Task to complete:
Write out the full listing exactly as given, minus the images.

Start of Data excerpt

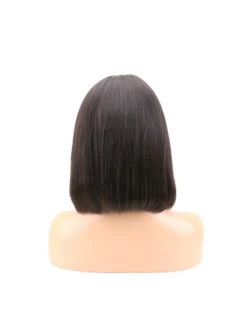 Human Hair Full Lace Wig Bob Natural Black Wigs For Black Women -Boutique Wig Shop alice 150 density human hair full lace wig bob natural black color 10 14 inch brazilian 3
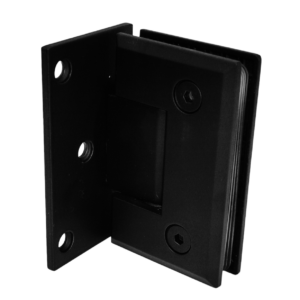 Bisagra Muro a Vidrio Desfasada Biselada Negro Mate SS304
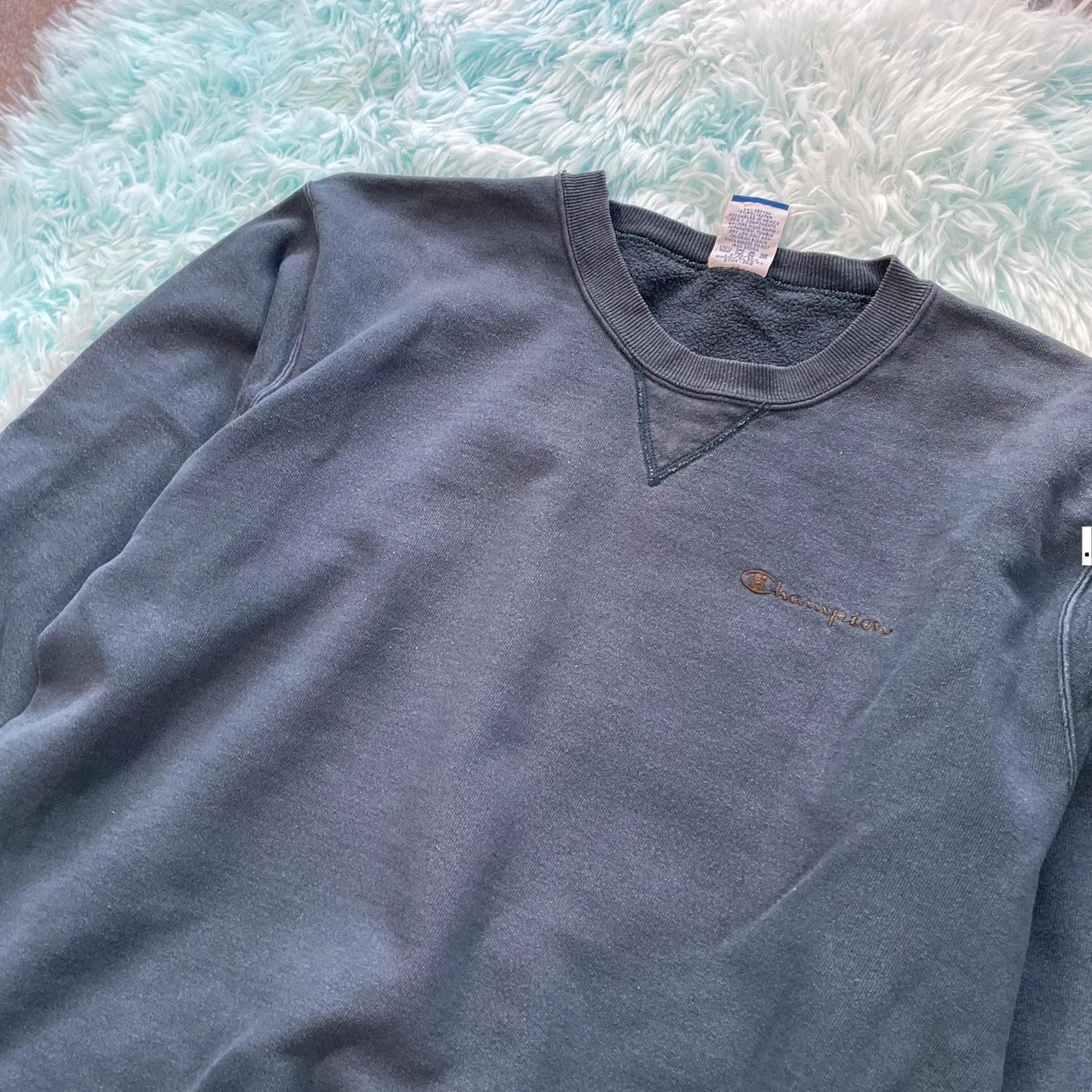 Vintage 90s Navy Champion Sweatshirt - Large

End of Data excerpt

Your response:
 Human Hair Full Lace Wig Bob Natural Black Wigs For Black Women -Boutique Wig Shop alice 150 density human hair full lace wig bob natural black color 10 14 inch brazilian 3
 Bisagra Muro a Vidrio Desfasada Biselada Negro Mate SS304
 Vintage 90s Navy Champion Sweatshirt - Large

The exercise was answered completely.